Il rischio che il numero legale possa saltare per la terza volta consecutiva in prima convocazione è concreto, poiché la seduta del 24 dicembre potrebbe non svolgersi. Anche in seconda convocazione, quando sono necessari 12 presenti, la situazione si complica. Se il numero legale dovesse mancare, sarebbe impossibile non ufficializzare una crisi politica già conclamata.
Nelle ultime settimane, ci sono stati tre passaggi di gruppo: Christian Alviani è passato da Forza Italia a Identità Frusinate, sostenendo nuovamente Mastrangeli; Andrea Turriziani è entrato nel Polo Civico; Francesco Pallone è passato dalla Lista Mastrangeli a FutuRa e poi alla Lista per Frosinone, tornando a sostenere Mastrangeli.
Gli equilibri e i rapporti di forza all’interno della maggioranza, che conta 18 esponenti, si stanno riparametrando.
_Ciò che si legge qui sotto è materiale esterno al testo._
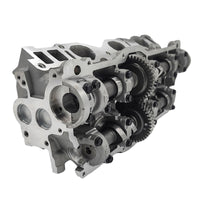 Cylinder Heads Left Hand Side 5VZ Fit For Toyota Prado HiAce Hilux Surf Granvia Tacoma T-100 3.4 EFI 24V 1995-2004 - image 8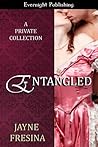 Entangled by Jayne Fresina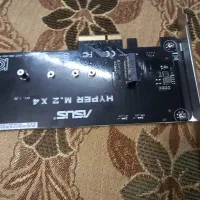 کارت تبدیل M.2 به PCIe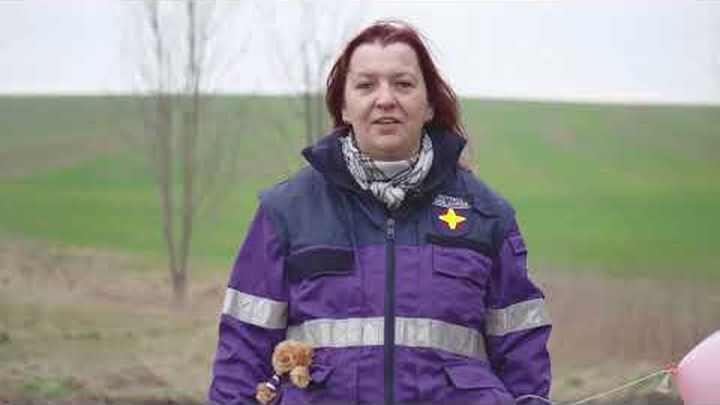 Einsatzbereit: Ausrüstung für neue Notfallseelsorger video thumbnail, 1 of 5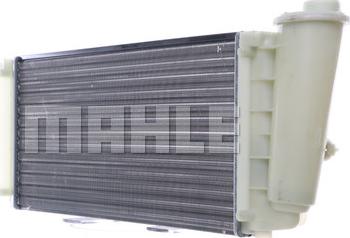 Wilmink Group WG2183823 - Радиатор, охлаждение двигателя autodnr.net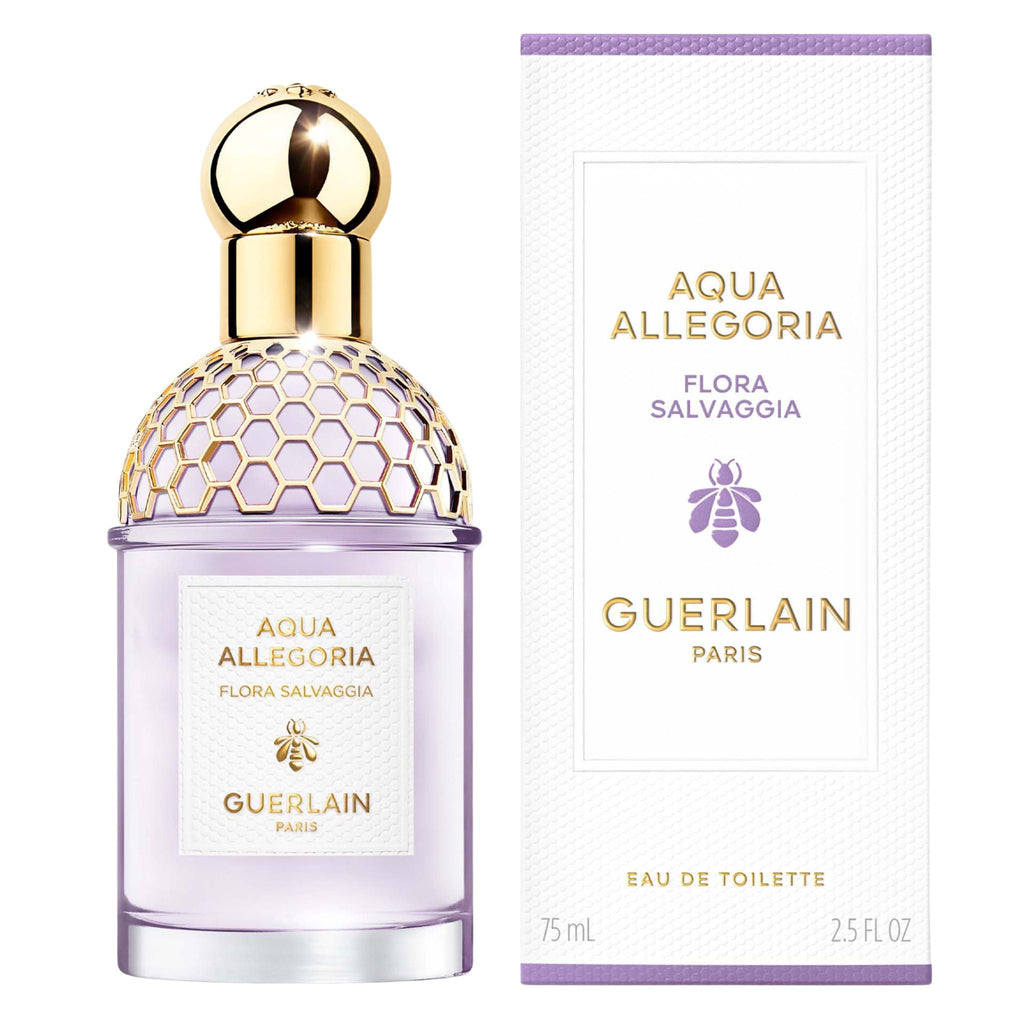 AQUA Alle.Flora Salvagia 2.5oz Woman EDT — 1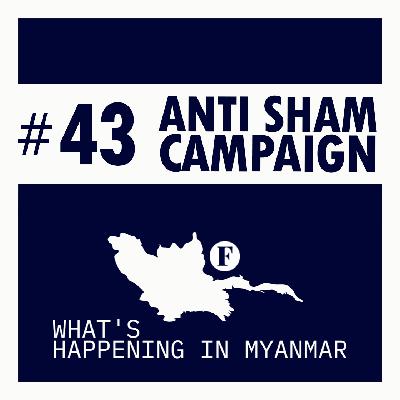 The Anti-Sham Election Campaign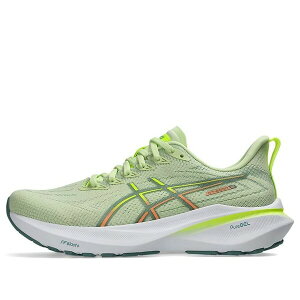 ASICS �A�V�b�N�X ���f�B�[�X �X�j�[�J�[ �y(WMNS) ASICS GT-2000 13 'Cool Matcha Celadon' 1012B666-300�z �T�C�Y US_7.5(24.5cm)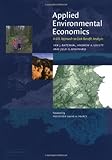 Image de Applied Environmental Economics: A GIS Approach to Cost-Benefit Analysis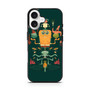 Spongebob & his Friends iPhone 17 Case Spongebob & his Friends iPhone 17 Case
Fratelli d’Italia, Polo Civico, il presidente dell’aula Massimiliano Tagliaferri e Carlo Gagliardi avevano chiesto un “riequilibrio” con un rimpasto in giunta, ma il Sindaco ha risposto che deve consultarsi con la “galassia della Lega”. La trattativa politica si è interrotta.
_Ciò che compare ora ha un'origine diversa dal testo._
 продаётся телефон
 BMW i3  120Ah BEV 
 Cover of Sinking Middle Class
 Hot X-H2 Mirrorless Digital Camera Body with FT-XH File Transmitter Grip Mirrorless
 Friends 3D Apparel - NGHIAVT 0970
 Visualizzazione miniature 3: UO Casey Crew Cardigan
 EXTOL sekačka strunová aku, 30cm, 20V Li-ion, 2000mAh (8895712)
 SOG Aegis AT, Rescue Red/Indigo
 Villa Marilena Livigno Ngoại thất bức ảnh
La Lista per Frosinone ha ora 4 consiglieri e si oppone all’attribuzione di un assessorato al Polo Civico. La situazione è complicata e la terza mancanza consecutiva del numero legale avrebbe un effetto forte. Le soluzioni potrebbero includere un assessorato al Polo Civico e la delega all’urbanistica a Carlo Gagliardi, oppure un azzeramento completo delle deleghe, che rimetterebbe tutto in discussione.
In aula ci sono anche Forza Italia, Futura, Anselmo Pizzutelli, Maria Antonietta Mirabella, Giovanni Bortone, Pd e Psi, per un totale di 15 consiglieri non appartenenti alla maggioranza. La maggioranza non ha alternative ad un accordo vero per evitare una crisi politica.